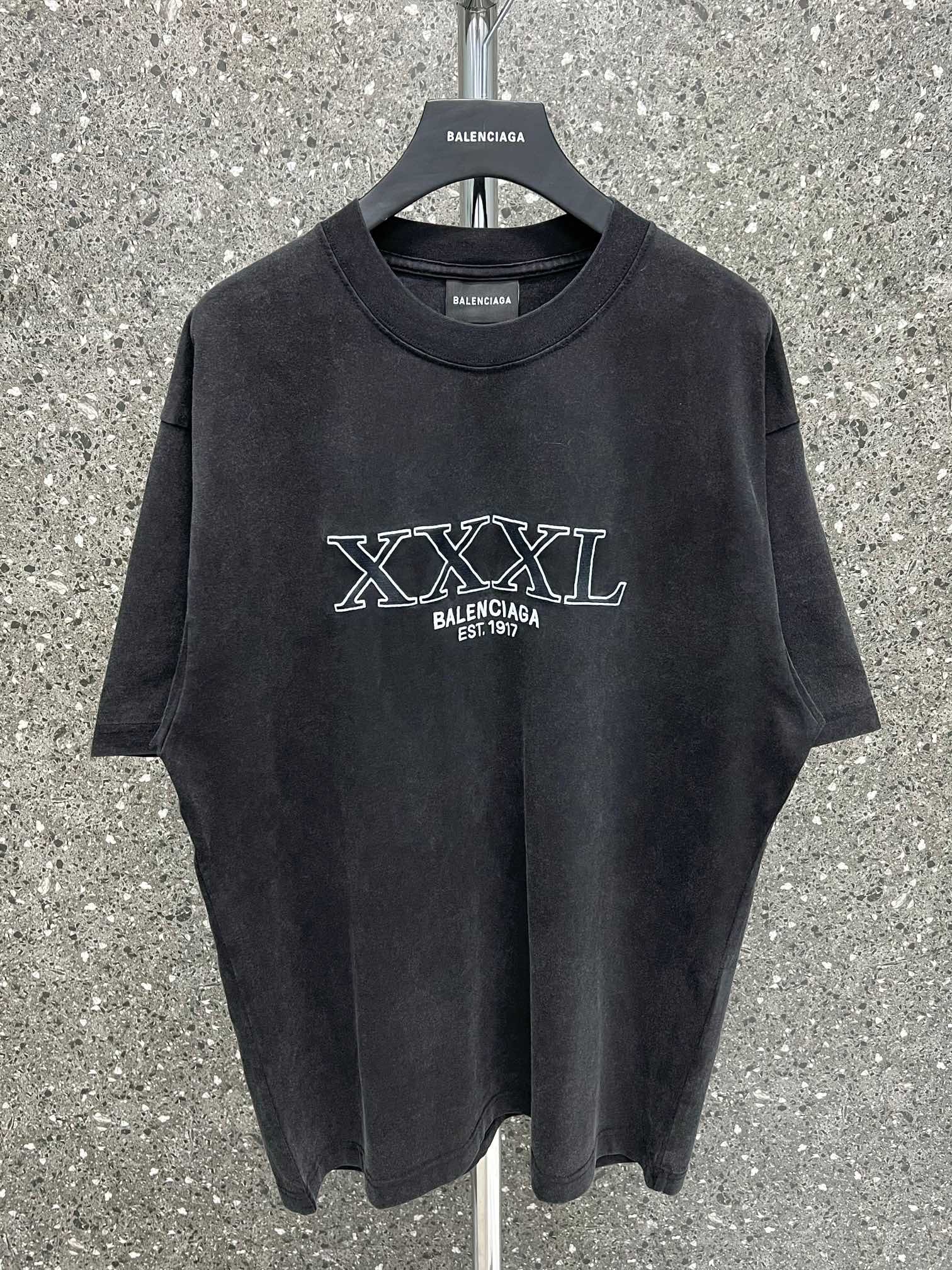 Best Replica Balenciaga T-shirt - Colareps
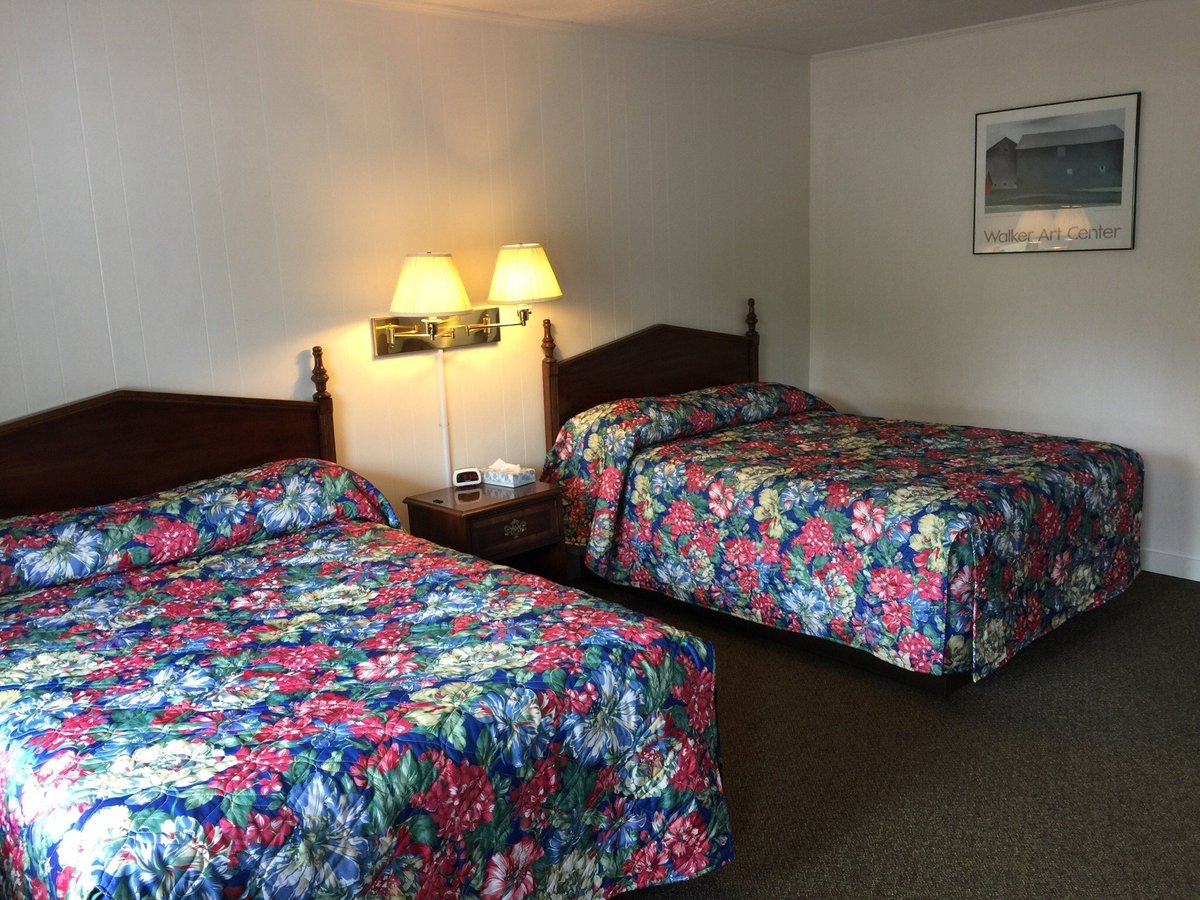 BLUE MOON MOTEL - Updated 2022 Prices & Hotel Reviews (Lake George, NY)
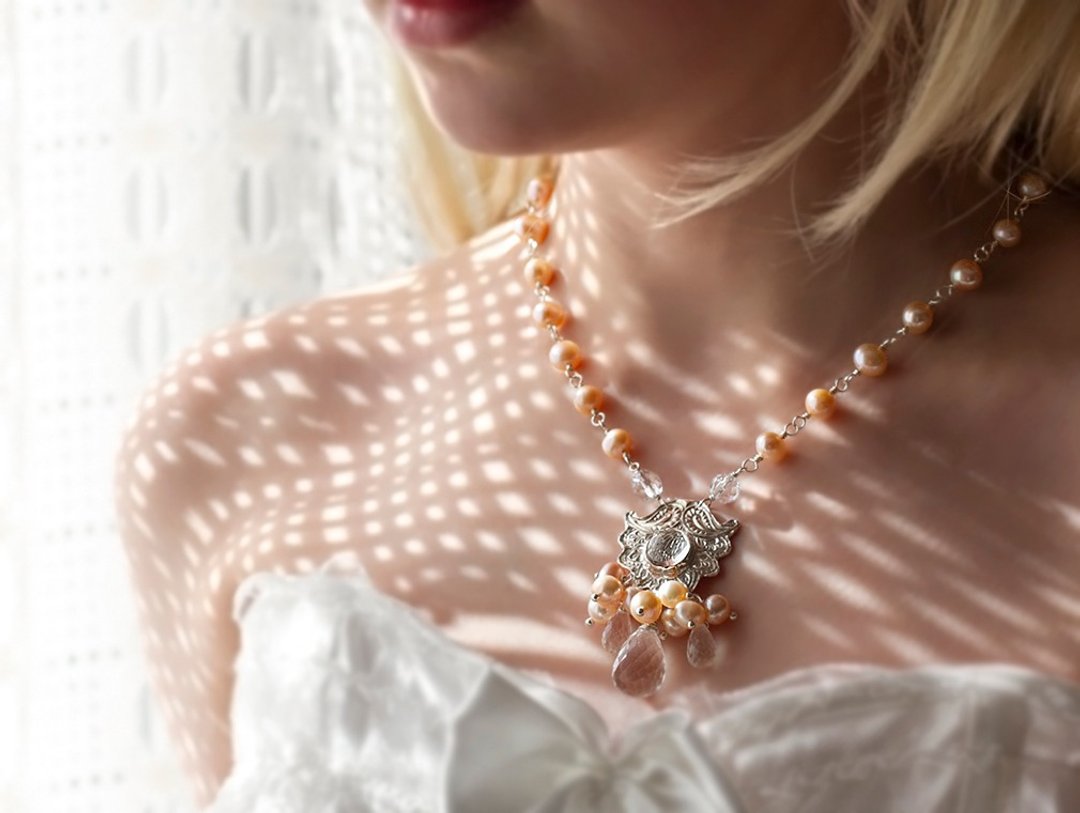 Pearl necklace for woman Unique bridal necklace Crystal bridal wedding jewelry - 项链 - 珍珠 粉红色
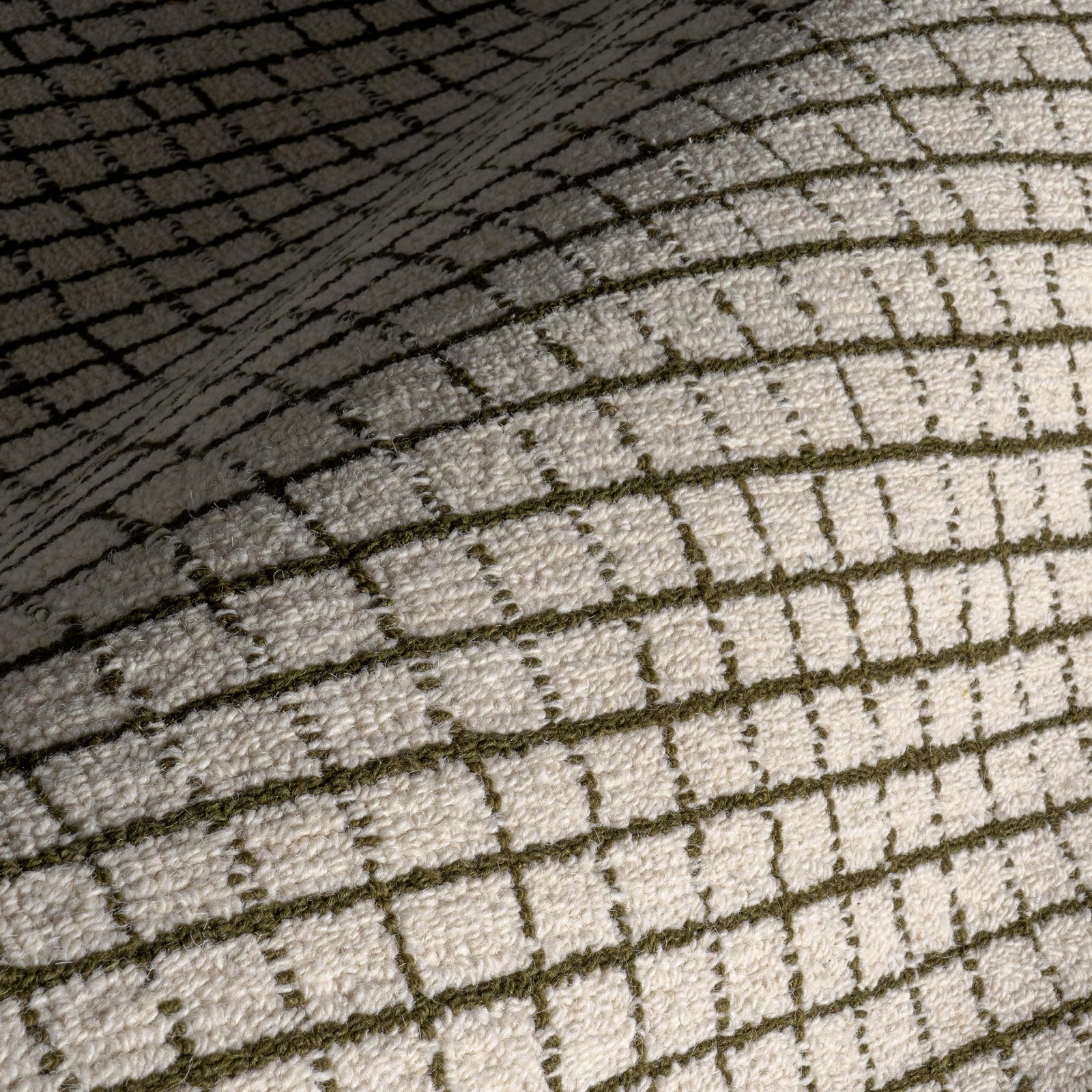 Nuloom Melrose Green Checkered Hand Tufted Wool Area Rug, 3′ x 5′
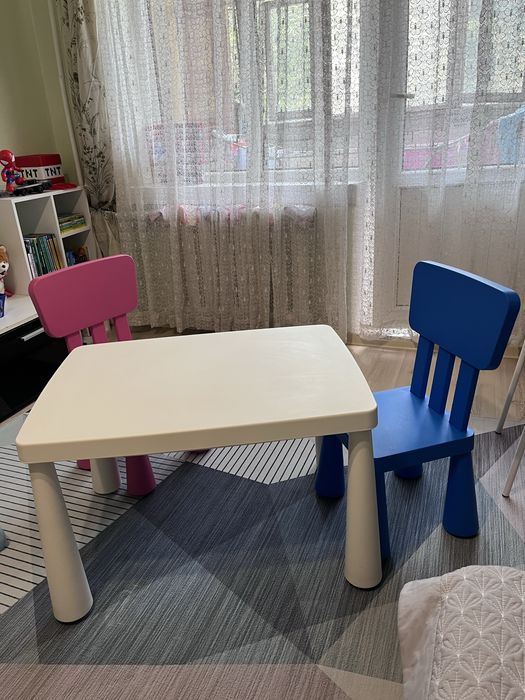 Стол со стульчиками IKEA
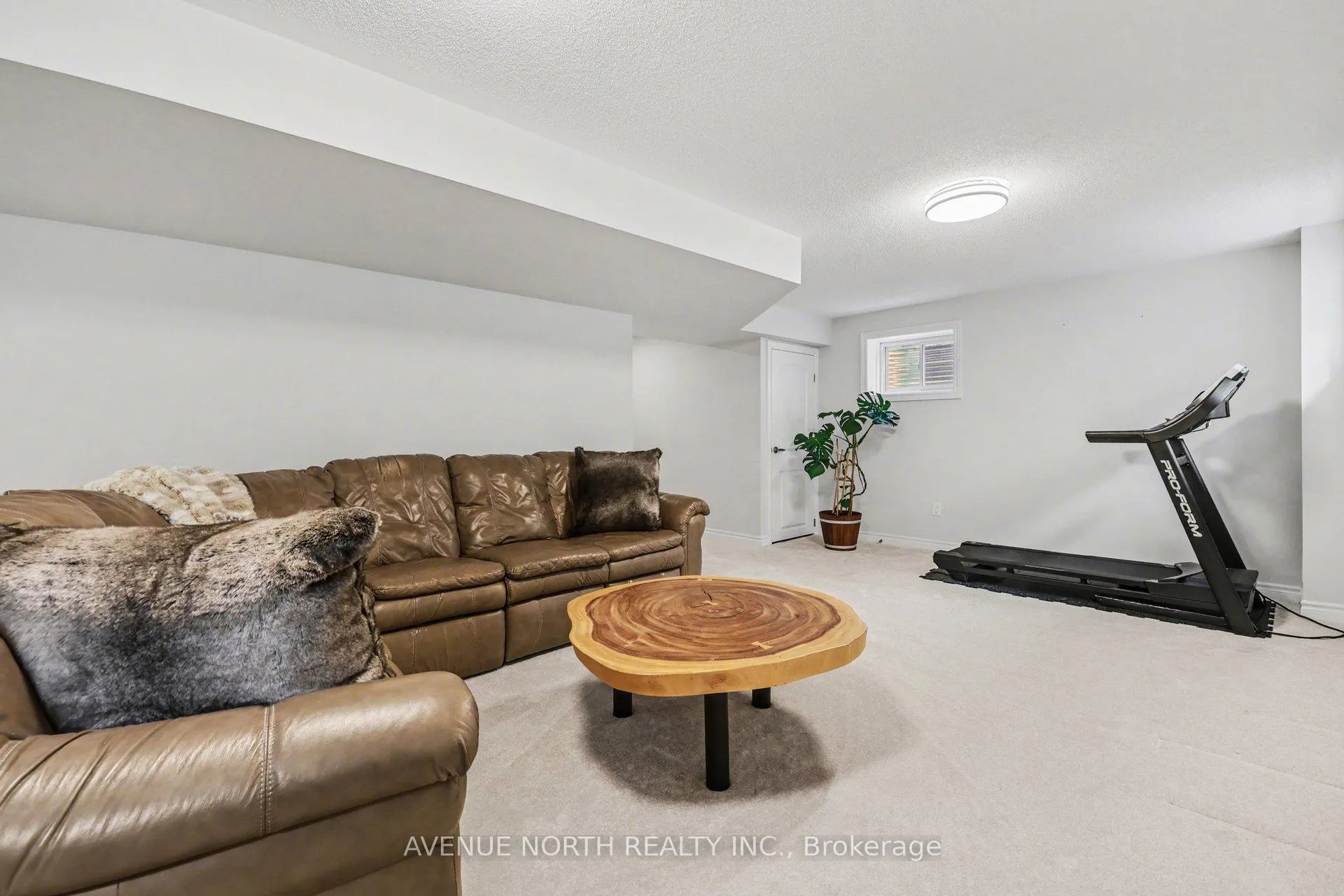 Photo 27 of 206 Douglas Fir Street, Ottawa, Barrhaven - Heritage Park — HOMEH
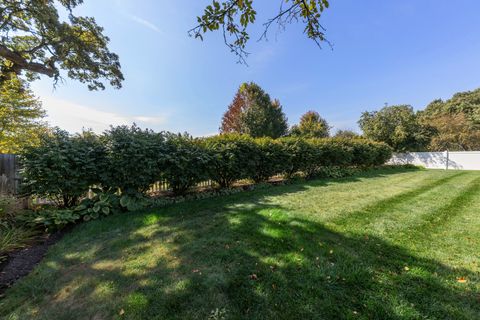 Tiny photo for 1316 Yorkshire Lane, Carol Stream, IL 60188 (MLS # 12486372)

- _Task details_: Give back the lines from the one containing "Nuloom Melrose Green" through the last line of the records above exactly as they appear, both included, and no pictures.

- _Task solution_:
 Nuloom Melrose Green Checkered Hand Tufted Wool Area Rug, 3′ x 5′
 Стол со стульчиками IKEA
 Photo 27 of 206 Douglas Fir Street, Ottawa, Barrhaven - Heritage Park — HOMEH
 Tiny photo for 1316 Yorkshire Lane, Carol Stream, IL 60188 (MLS # 12486372)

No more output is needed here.